On the eve of the 2016 Democratic National Convention in Philadelphia, the Democratic National Committee was rocked by the release of an archive of nearly 20,000 internal e-mails — the result of a hack many believe was orchestrated by the Russian government.
Amid the slew of documents the website WikiLeaks released last week are a handful of e-mails that reference one of Arizona's largest employers.
In a string of eight e-mails, DNC staff discussed a potential $60,000 donation to the convention from Honeywell International, which operates a Phoenix-based aerospace division that employs nearly 10,000 people.

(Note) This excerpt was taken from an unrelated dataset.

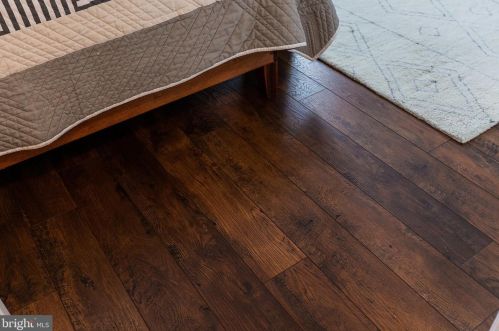 554 Spruce St, Lancaster PA  17603-3353 exterior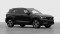 2026 Volvo XC40 - Image 3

Honeywell is one of the nation's most prolific contributors to political action committees. Over the past year, the DNC has reversed bans on contributions from PACs and lobbyists.
In an e-mail dated May 22, the DNC's Mid-Atlantic finance director Alexandra Shapiro brought up the prospect of the hefty contribution and what Honeywell wanted in return.

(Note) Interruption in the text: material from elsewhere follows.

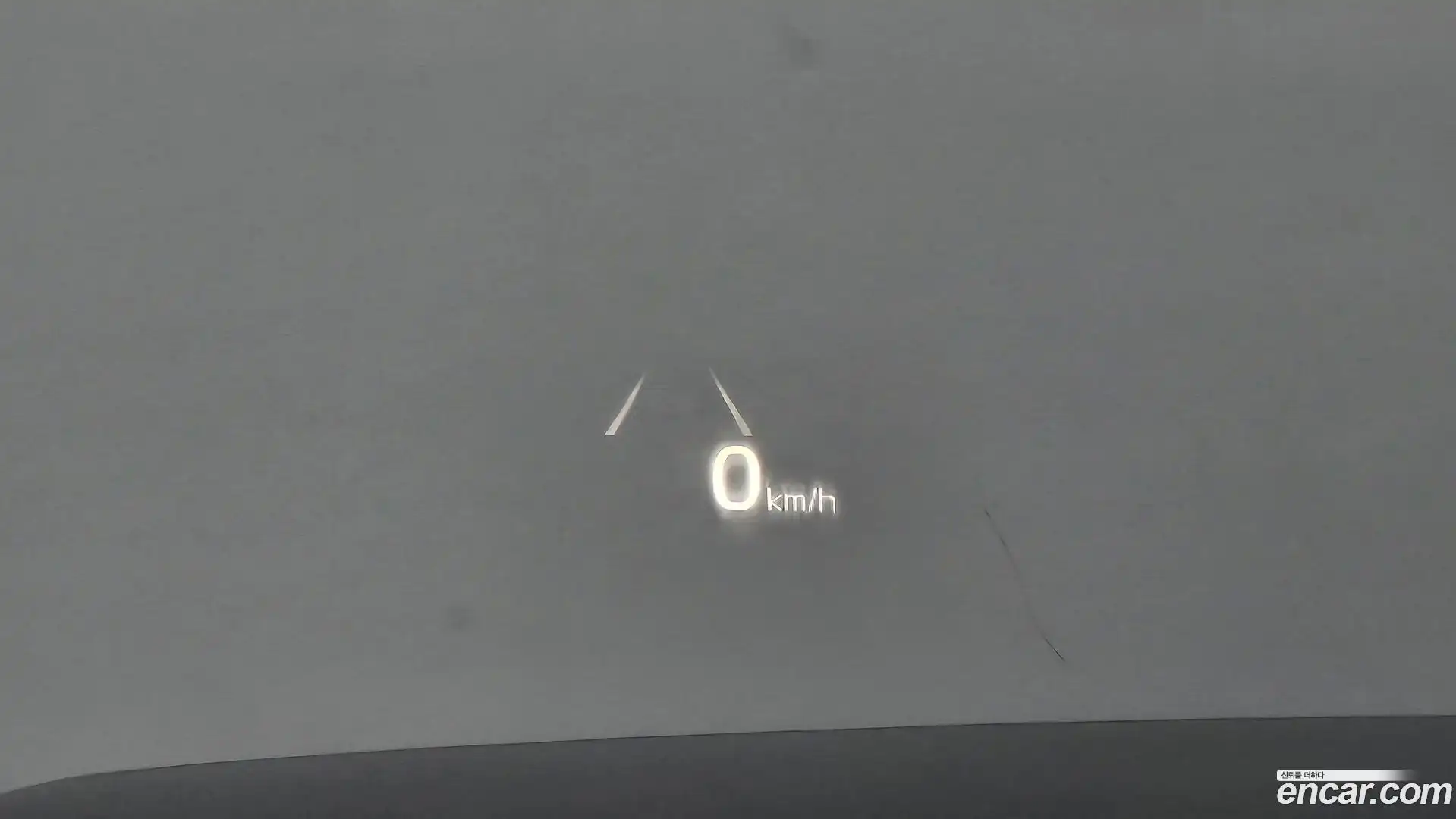 Mohave Kia 2020.5-OPTION-041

"This is $60k we definitely wouldn't get otherwise and Honeywell is the biggest PAC contributor in the country," Shapiro wrote to two colleagues. "... [T]hey're definitely a bit pissy about our PAC policy flip flop and that offering this gesture would definitely help our relationship with them for later in the election cycle and for years to come."
Honeywell communications director Rob Ferris declined New Times' request for an interview but confirmed the donation.

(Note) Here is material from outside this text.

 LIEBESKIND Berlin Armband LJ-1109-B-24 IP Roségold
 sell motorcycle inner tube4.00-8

"Not much for us to say other than, Honeywell supports those who support policies that are good for our business," Ferris wrote in an e-mail to New Times.
In the DNC e-mail thread, staffers indicated that the donation would secure Honeywell representatives a hotel room during the convention.
"The hotel room for $60k shouldn't be a problem," a staffer responded to Shapiro's inquiry.
WikiLeaks' trove of DNC e-mails expose the inner workings of the organization's intensive fundraising efforts. Some of the correspondence showed party officials disparaging Sen. Bernie Sanders and attempting to impede his efforts to win the Democratic presidential nomination.
In the wake of the scandal, the DNC issued a statement.
"On behalf of everyone at the DNC, we want to offer a deep and sincere apology to Senator Sanders, his supporters, and the entire Democratic Party for the inexcusable remarks made over email," the statement reads in part. "Individual staffers have also rightfully apologized for their comments, and the DNC is taking appropriate action to ensure it never happens again."
Florida Congresswoman Debbie Wasserman Schultz, the DNC's chair, resigned the position she'd held since 2011, effective at the convention's end.
Honeywell's 9,500 Arizona employees, meanwhile, may have reason to be a little irked at their bosses' political largesse.
In May, the company reportedly nixed merit raises for the year and instructed employees to take a furlough — a weeklong unpaid vacation between June 27 and July 3.
At the time, communications director Scott Sayres said Honeywell was "implementing some short-term cost controls in light of the slower global economy and recent aerospace industry-wide market challenges and volatility as noted by many of our biggest customers."
It was the second time in six months that employees were asked to take a week off without pay. The previous furlough was reportedly ordered in November, coupled with an announcement of impending layoffs.
In part, the company has attributed slower economic growth to decreased funding by the U.S. Department of Defense.